Face à la propagation mondiale du coronavirus et la guerre des prix du pétrole qui se dessine, les investisseurs cédaient lundi à la panique et se lançaient dans une vente à tout-va. Les grandes places financières internationales, les devises et le pétrole chutaient, incitant les banques centrales, et éventuellement la BNS, à réagir pour soutenir l'économie.

Rarement, les places mondiales affichaient pareille déroute: en Asie, les Bourses de Tokyo (-5,1%), Shanghai (-3,0%) et Shenzhen (-3,8%) ont clôturé leurs séances respectives dans le rouge vif, affectant leurs homologues européennes à Paris (CAC 40 -7,2%), Londres (FTSE 100 -7,2%) et Francfort (Dax -6,5%).

En Suisse, la place zurichoise n'était pas épargnée par cette lame de fond, le principal indice SMI chutant de 6,3% à l'ouverture.

>> Retrouvez ici notre dossier consacré à l'épidémie du coronavirus

"Les dix dernière séances de Bourse se classent parmi les plus tumultueuses de l'histoire", ont résumé les analystes d'UBS dans un commentaire de marché. En cause, "la peur du coronavirus qui paralyse aussi l'économie en Europe et aux Etats-Unis" et qui affecte désormais également les entreprises, ont complété leurs homologues de la Banque cantonale de St-Gall (SGKB).

Pour les spécialistes de Raiffeisen, "la peur du coronavirus a aussi saisi les investisseurs en Suisse", d'autant plus qu'en Italie voisine les autorités ont décrété de larges zones de quarantaine.

L'épidémie de coronavirus continue de se propager à vive allure sur la planète, provoquant la paralysie d'une partie de l'Italie. Dans le monde, 109'032 cas d'infection sont recensés dans 99 pays et territoires, causant la mort de 3792 personnes, selon un bilan établi par l'AFP. La Suisse a quant à elle enregistré dimanche un 2e décès dû au Covid-19, un homme âgé de 76 ans en mauvaise santé.
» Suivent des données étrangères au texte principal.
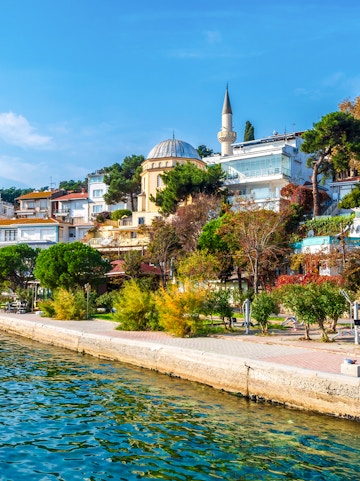Burgazada Island street view with mosque and waterfront in Istanbul.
La peur des investisseurs est reflétée dans les indices de volatilité, à commencer par celui du marché américain VIX, qui a bondi de 5,9%. Son homologue suisse s'est lui envolé de 13%.
Illustrant le rebond de la volatilité, les analystes de Mirabaud Securities ont évoqué les récentes sorties subies par les fonds obligataires (-12,6 milliards de dollars) et en actions (-23,3 milliards).

Pour UBS, "les prochaines semaines pourraient déterminer si l'épidémie de virus aux Etats-Unis pourra être contenue en un ou deux mois avec un coût économique relativement modeste ou si elle s'intensifiera, provoquant des perturbations plus drastiques et prolongées".

Les marchés financiers sont donc passés en "mode panique", selon Axitrader. A l'épidémie de coronavirus s'ajoute désormais celle du pétrole, ont-ils souligné.

Pire chute du pétrole depuis la 1ère guerre du Golfe

Les cours du pétrole se sont en effet effondrés de plus de 30% en Asie lundi matin, enregistrant la chute la plus sévère depuis la guerre du Golfe de 1991, après que l'Arabie saoudite a lancé une guerre des prix du brut. Riyad a décidé unilatéralement de baisser ses tarifs à la livraison, en raison de l'échec de l'Opep et de la Russie à se mettre d'accord pour soutenir les cours."Les cours du pétrole connaissent leur pire journée depuis 1991 en chutant de 30% à l'ouverture des marchés", a souligné la Banque IG, précisant que les craintes d'une inondation de l'offre et d'une chute de la demande en raison de l'épidémie ont fait reculer les cours de pétrole.

Les devises n'étaient pas épargnées et le franc suisse s'appréciait nettement par rapport aux monnaies de ses principaux partenaires commerciaux, l'Union européenne et les Etats-Unis.

Vers 10h30, la monnaie helvétique s'échangeait à 1,0590 franc pour euro et à 0,9308 franc pour un dollar, renchérissant le prix des exportations suisses.Les valeurs refuges devraient être plébiscitées à court terme, du franc suisse au yen japonais en passant par l'or. Depuis début février, le métal jaune a bondi de 5,3% et s'échangeait actuellement à 1669,20 dollars l'once.

Alors que la Réserve fédérale américaine (Fed) a récemment abaissé ses taux directeurs, les analystes se demandent ce que va faire jeudi la Banque centrale européenne (BCE) et par la suite son homologue helvétique (BNS).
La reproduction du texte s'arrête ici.